Eines der vielen Schreckensgespenster, die das glückstrahlende Universum richtig ins Trudeln brachte war einerseits der Dieselskandal und auf der anderen Seite TESLA [1] (Tesla hat noch nie so viele Autos verkauft wie in der aktuellen Krise, und der Aktienkurs ist im Gegensatz zu anderen Werten enorm gestiegen) sowie die langsame Machtübernahme in der Produktion durch chinesische Firmen.
Deutschland als Nr. 1 der Autobauer ist inzwischen in einer veritablen Krise angelangt, da die Wende hin zur Elektromobilität  verschlafen wurde und sich das Klimagewissen bei immer mehr Menschen zu Wort meldet. Bald wird es in den Städten nicht mehr heißen Diesel oder Benzin – nein es wird heißen: Ende des Individualverkehr und Car-Sharing bzw. Fahrrad oder öffentliche Verkehrsmittel. Mobilität als Grundbedürfnis des Menschen wird gerade neu definiert und erhält gleichzeitig auch einen neuen moralischen Anstrich. Der „protzige SUV-Fahrer“ muss sich ob seines Verbrennervehikels gegenüber der fanatischen Gretafraktion rechtfertigen.

Für insgesamt knapp 412 000 vorzeitige Todesfälle in 41 europäischen Ländern war er nach Angaben der Umweltagentur EEA verantwortlich. 374.000 Todesfälle seien in den 28 EU-Staaten registriert worden und 59.600 in Deutschland (Quelle). Und dabei reden wir noch nicht einmal von den indirekten Auswirkungen des Straßenverkehrs durch den Klimawandel: Hitzewellen haben seit 2003 in Deutschland 19.500 Todesopfer gefordert, weltweit haben wir es mit vermehrten Zyklonen, Waldbränden, Dürren und Fluten zu tun. Opferzahlen steigend!

Was sagt der Trend?
In Norwegen sollen ab 2025 keine Verbrennerfahrzeuge mehr zugelassen werden. Dänemark, Schweden, Irland und Slowenien wollen dem ambitionierten Beispiel 2030 folgen. 2035 soll Großbritannien und Frankreich mit 2040 das Ende von Diesel- und Benzinmotor als Rute ins Fenster stellen. Als Alternative nennen Politiker, Umweltschützer und Medien meistens die Umrüstung auf elektrische Antriebe und eine weitgehende Einschränkung des Individualverkehr. Rund 40.000 Personen sind in Österreich aktuell in der Automobilindustrie beschäftigt. Inklusive der Unternehmen im Nahbereich kommt man auf  rund 370.000 Arbeitsplätze. 24.000 davon wären laut einer Studie der Industriellenvereinigung durch die Umstellung auf Elektromobilität gefährdet (Quelle).

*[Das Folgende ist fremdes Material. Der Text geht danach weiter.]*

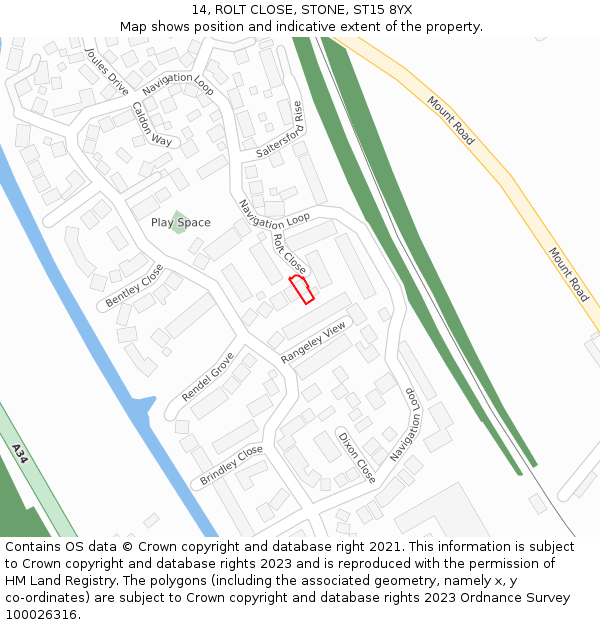 14, ROLT CLOSE, STONE, ST15 8YX: Location map and indicative extent of plot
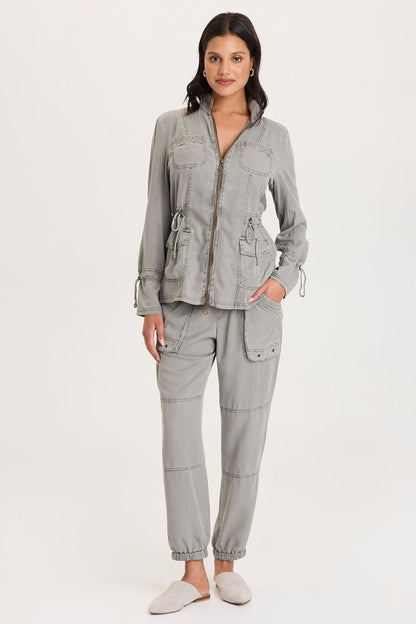 Hall Four-Pocket Cinchable Waist and Sleeves Twill with Rib Back Panels Jacket Magnetic Grey Pigment - XCVI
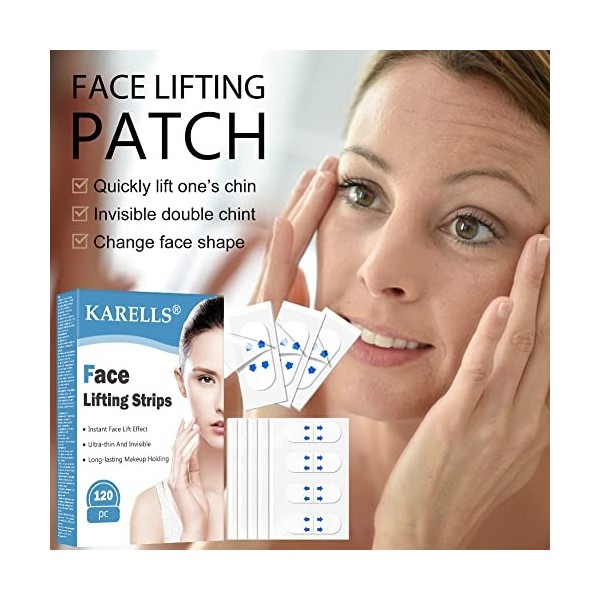 Facelifting Lot de 120 autocollants invisibles Facelift pour le visage et le visage - En forme de V - Pour cacher les rides d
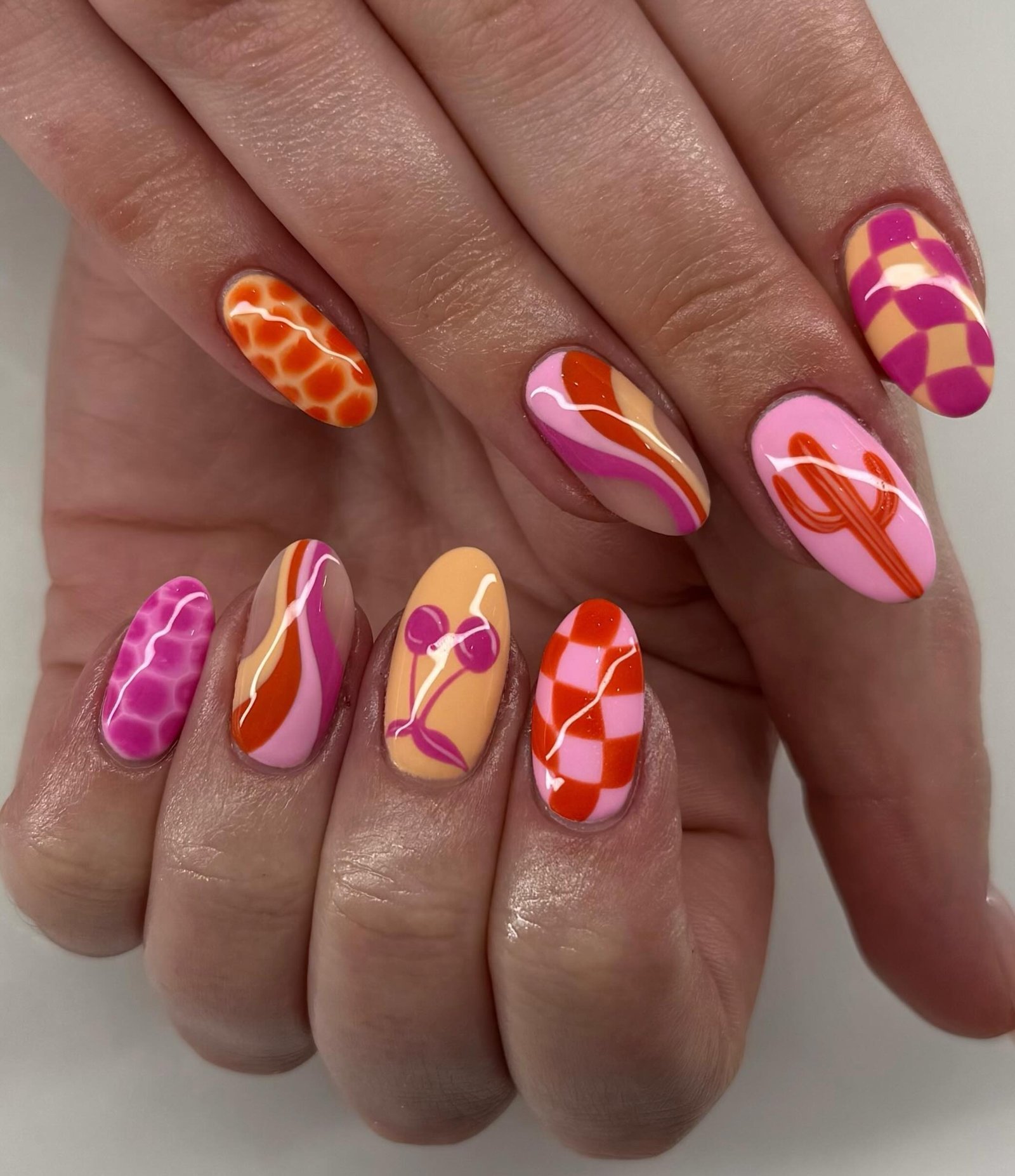 Retro Cactus Checker Nails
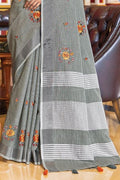 Linen Saree Steel Grey Linen Saree saree online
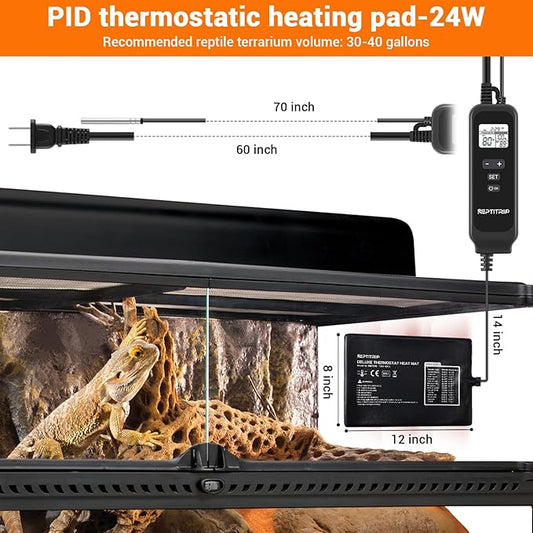 Reptile Heating Pad with PID Thermostat 8"X12" 24W, Reptile Heat Mat for 30-40gal Tank, Heat Pad with High Temperature Protection °F/°C, for Turtle/Snake/Lizard/Frog/Spider/Plant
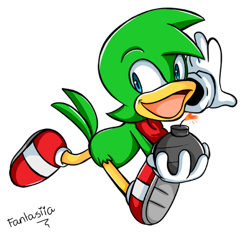 Size: 554x521 | Tagged: safe, artist:ipun, bean the dynamite, bird, bandana, bomb, gloves, holding something, looking behind, male, mouth open, red shoes, running, shoes, signature, simple background, solo, transparent background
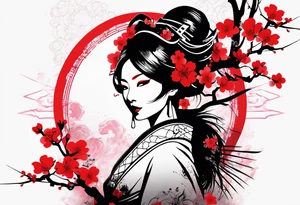 trash polka cyber geisha red sun cherry blossoms tattoo idea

Fahrräder erleben jetzt einen riesigen Boom – vor allem die elektrisch betriebenen ermöglichen es auch sonst unsportlichen Menschen weitere Strecken zu absolvieren. Für viele wäre das Fahrrad auch eine Alternative zum Auto – vor allem in der Stadt. Die notwendige Infrastruktur müsste jedoch geschaffen werden – überall gibt es da großen Nachholbedarf!! In Österreich wurden im Jahr 2019 etwa 439.000 Fahrräder abgesetzt. 2019 wurden etwa 480 Millionen Euro mit den Pedelecs umgesetzt, dies entspricht etwa 69 Prozent des Gesamtumsatzes. Besonders beliebt waren 2019 die E-Mountainbikes, hier stieg die Nachfrage um 23 Prozent im Vergleich zu 2018 (Quelle).
24.800.000.000 Kilometer wurden insgesamt mit dem Fahrrad in Deutschland 2015 zurück gelegt und insgesamt gab es 75.900.000 Fahrräder in Deutschland 2019 (Quelle).

Je weniger das Angebot durch öffentliche Verbindungen mit dem Individualverkehr mithalten kann, desto mehr Pkw pro Einwohner sind gemeldet. Es gibt aktuell kein wirklich passendes Konzept der öffentlichen Verkehrsbetriebe um die Lücke zum Bedarf zu schließen. Zu teuer und schlechte und zeitlich unattraktive Verbindungen – zumindest in den Bundesländern. Alleine deshalb wird und kann der öffentliche Verkehr im ländlichen Bereich keine Lösung sein! Car-Sharing oder Fahrgemeinschaften sind auf jeden Fall überdenkenswert! Entsprechende Regelungen und rechtliche Grundlagen müssten da jedoch noch verbessert werden (zb. Haftungsfragen)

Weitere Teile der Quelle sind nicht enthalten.